The semiconductor chips driving modern-day computer processors are covered in billions of individual transistors, each of which can overheat under stress, causing steep drops in performance. To address this, a team led by researchers at Penn State has developed a microscopic thermometer, smaller than an ant's antenna, that can be integrated onto a chip to accurately track temperatures.
Using an advanced class of materials that are just a few atoms thick, known as two-dimensional (2D) materials, the team built sensors capable of differentiating subtle temperature changes in just 100 nanoseconds - millions of times faster than the blink of an eye. The sensors' extremely compact structure allows many of them to be integrated directly onto a single computer chip, offering what the researchers called incredibly efficient temperature monitoring. The team detailed their work in a paper published today (March 6) in Nature Sensors.
According to Saptarshi Das, Ackley Professor of Engineering Science, professor of engineering science and mechanics at Penn State and corresponding author on the paper, accurately monitoring the temperature of transistors - tiny devices that control the flow of electricity in a circuit - is currently one of the most challenging aspects of developing computer chips or high-performance integrated circuits.
"These chips rapidly heat up during usage, but the sensors that monitor their temperatures are not embedded within the chip," Das said. "One of the major questions researchers have had is whether it's possible to integrate temperature sensing directly into the chips, which would offer faster, more accurate readings."
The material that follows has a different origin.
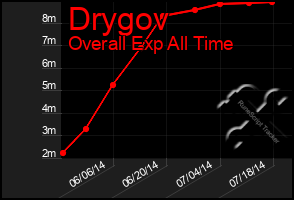 Total Graph of Drygov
A temperature sensor would have to be incredibly small to achieve this, as traditional sensors are too large and bulky to fit onto a chip directly, explained Das. To shrink their sensors into thermometers only one square micrometer across, or a tile several thousand times smaller than the width of a human hair, the team used a new class of 2D material - known as bimetallic thiophosphates - that had previously not been used in thermal sensors.
According to Das, this material's distinctive properties, specifically how ions can continue effectively move even when exposed to electrical currents, enable the sensors to demonstrate strong temperature dependence, even at extremely small sizes. This means that the material's physical properties can adjust dynamically as temperatures rise or fall.
"My research group works extensively with 2D materials, as Penn State is considered a leader in this research area," Das said. "We found that using this class of material, we could develop thermal sensors that are very fast, low power and really miniaturized so that you can place many of them on a single chip."